Induire du texte « Dieu a établi dans l'Église premièrement les apôtres », que les douze apôtres primitifs ont été seuls gratifiés par Christ de lumières révélatrices et officiellement investis de pouvoirs qui ne pouvaient être transmis à l'Église que par l'imposition de leurs mains, c'est méconnaître le sens des Écritures. L'étude impartiale de l'ensemble des textes évangéliques oblige de constater que le collège des Douze n'a reçu du Christ l'exclusivité ni de la prédication (1Co 9:16, Ga 2:7,2Ti 4:2), ni du don des miracles (Lu 10:1-20), ni de la transmission de l'Esprit saint (Ac 10:44 11:17), ni de « l'Esprit de vérité » qui devait conduire les témoins du Christ « dans toute la vérité » (Jn 16:13, Ac 6:10 8:35, voir les lettres de Paul, de Jacques, aux Hébreux), ni de l'imposition des mains en vue du ministère (Ac 13:3), ni du pouvoir de lier et de délier (Mt 18:18). Tout cela, les Douze l'ont reçu les premiers, mais ils n'ont pas été les seuls à le recevoir dès l'origine ; aucun texte ne leur confère le monopole du ministère spirituel, non plus que le droit exclusif de le transmettre à d'autres.

Tout ce que l'on peut dire, c'est que le fait d'avoir accompagné Jésus dans son ministère, d'avoir reçu ses enseignements, et d'avoir entendu son : « Allez et enseignez toutes les nations... » leur valut une considération exceptionnelle, que l'on retrouve déjà dans la recommandation donnée par Paul et par Timothée de « garder les ordonnances qui ont été décrétées par les apôtres » (Ac 16:4). Mais si l'on voulait, avec la notion catholique, inférer de là que les Douze furent les seuls fondateurs de l'Église (Batiffol), il serait aisé de répondre que, dans les recommandations de Paul et de Timothée, les Anciens de Jérusalem sont aussi bien que les Douze les auteurs des ordonnances qu'il s'agit de garder. Les Douze devaient bien moins que l'apôtre Paul évangéliser « jusqu'aux extrémités de la terre » ; et Batiffol lui-même est obligé de concéder que « les Douze ont synthétisé une prédication qui avait été l'oeuvre collective d'apôtres peut-être plus nombreux ». (cf. Lu 10:1-17) Nous n'en demandons pas davantage. D'ailleurs le contenu du N.T. et le fait que plus des deux tiers des livres qui le composent ont été écrits par d'autres que par les Douze, montrent avec évidence que Jésus ne confia pas à ceux-ci le privilège exclusif de poser le fondement doctrinal (Symbole des Apôtres) et de donner l'investiture épiscopale dans l'Église apostolique (imposition des mains).
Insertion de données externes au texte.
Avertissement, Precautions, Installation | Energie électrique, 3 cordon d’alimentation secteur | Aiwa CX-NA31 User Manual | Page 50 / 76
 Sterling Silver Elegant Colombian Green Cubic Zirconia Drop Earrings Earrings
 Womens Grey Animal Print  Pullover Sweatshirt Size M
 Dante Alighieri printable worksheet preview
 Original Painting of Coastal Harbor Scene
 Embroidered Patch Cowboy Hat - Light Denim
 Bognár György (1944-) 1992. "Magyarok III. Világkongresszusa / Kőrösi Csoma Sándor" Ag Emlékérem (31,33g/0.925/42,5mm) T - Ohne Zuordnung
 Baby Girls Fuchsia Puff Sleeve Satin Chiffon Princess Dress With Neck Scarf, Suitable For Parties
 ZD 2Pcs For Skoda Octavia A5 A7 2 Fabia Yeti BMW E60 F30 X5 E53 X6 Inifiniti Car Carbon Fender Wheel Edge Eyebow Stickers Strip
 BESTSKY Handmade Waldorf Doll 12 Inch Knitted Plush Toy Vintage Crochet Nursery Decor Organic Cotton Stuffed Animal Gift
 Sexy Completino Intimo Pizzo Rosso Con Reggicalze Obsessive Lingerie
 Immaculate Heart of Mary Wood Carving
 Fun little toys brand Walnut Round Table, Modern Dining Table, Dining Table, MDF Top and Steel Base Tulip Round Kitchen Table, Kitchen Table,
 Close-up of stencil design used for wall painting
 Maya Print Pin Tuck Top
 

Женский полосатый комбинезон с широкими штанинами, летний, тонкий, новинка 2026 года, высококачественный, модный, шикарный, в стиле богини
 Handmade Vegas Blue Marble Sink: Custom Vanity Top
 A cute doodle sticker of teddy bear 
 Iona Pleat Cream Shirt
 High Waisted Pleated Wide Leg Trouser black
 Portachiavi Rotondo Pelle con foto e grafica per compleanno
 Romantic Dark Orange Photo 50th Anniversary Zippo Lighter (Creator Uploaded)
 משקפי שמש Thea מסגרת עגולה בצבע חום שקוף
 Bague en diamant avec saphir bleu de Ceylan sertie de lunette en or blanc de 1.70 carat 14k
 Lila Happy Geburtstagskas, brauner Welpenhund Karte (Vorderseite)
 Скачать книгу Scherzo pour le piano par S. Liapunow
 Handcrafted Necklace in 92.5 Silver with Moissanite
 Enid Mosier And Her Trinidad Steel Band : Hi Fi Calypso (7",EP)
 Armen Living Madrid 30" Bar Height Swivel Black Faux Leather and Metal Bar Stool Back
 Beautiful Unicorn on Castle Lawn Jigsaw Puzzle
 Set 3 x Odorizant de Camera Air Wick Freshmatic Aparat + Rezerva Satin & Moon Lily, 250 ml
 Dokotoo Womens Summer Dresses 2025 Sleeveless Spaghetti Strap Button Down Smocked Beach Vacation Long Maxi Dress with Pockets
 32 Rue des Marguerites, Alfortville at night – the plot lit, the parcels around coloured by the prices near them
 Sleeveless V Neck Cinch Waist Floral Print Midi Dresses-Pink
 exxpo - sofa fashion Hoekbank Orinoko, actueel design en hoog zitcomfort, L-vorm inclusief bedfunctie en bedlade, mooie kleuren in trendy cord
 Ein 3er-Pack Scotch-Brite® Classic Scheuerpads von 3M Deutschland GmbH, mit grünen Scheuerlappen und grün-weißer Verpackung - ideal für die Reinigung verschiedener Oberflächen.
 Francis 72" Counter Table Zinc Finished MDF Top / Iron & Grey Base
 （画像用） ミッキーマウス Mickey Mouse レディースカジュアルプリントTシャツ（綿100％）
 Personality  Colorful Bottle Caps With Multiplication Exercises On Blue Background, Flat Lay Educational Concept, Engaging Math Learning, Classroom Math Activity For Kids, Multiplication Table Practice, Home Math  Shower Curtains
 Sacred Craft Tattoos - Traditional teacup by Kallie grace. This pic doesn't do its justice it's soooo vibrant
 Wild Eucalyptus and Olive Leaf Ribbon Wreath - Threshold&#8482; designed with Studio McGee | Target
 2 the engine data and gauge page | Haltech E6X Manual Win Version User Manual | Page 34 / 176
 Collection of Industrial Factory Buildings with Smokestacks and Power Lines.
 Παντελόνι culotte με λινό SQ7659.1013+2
Ceci constaté, il est juste de reconnaître que très vite, et dès le II e siècle avec Ignace, l'Église, par souci d'unité et d'autorité, manifesta la tendance de tout ramener aux douze compagnons de Jésus-Christ. Ainsi la Didachè s'intitulera : Doctrine du Seigneur aux nations par les douze apôtres. Il n'en demeure pas moins que Paul et Barnabas ne firent point partie des Douze, et ce seul fait suffit pour maintenir le bien-fondé de tout ce que nous avons exposé plus haut. La tradition, dont l'évolution à travers les siècles-a donné l'Église romaine, a créé un état de choses que le N.T. n'introduit ni ne légitime.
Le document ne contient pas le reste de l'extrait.